- INFORMATION SUPPLIED:
▼
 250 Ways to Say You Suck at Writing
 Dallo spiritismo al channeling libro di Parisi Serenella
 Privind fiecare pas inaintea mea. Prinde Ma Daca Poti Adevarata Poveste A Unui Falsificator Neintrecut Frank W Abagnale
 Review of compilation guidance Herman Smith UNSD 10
▲
▼
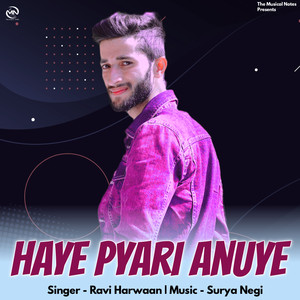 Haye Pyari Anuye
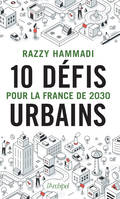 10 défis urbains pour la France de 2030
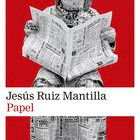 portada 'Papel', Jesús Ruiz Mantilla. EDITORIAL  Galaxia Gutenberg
▲
- AIM OF THE TASK: Reproduce, word for word, only the lines in the records above from the line with "Haye Pyari Anuye" through the line with "portada 'Papel', Jesús", including both ends; omit the pictures.

- SOLUTION FOR THIS EXERCISE:
 Haye Pyari Anuye
 10 défis urbains pour la France de 2030
 portada 'Papel', Jesús Ruiz Mantilla. EDITORIAL  Galaxia Gutenberg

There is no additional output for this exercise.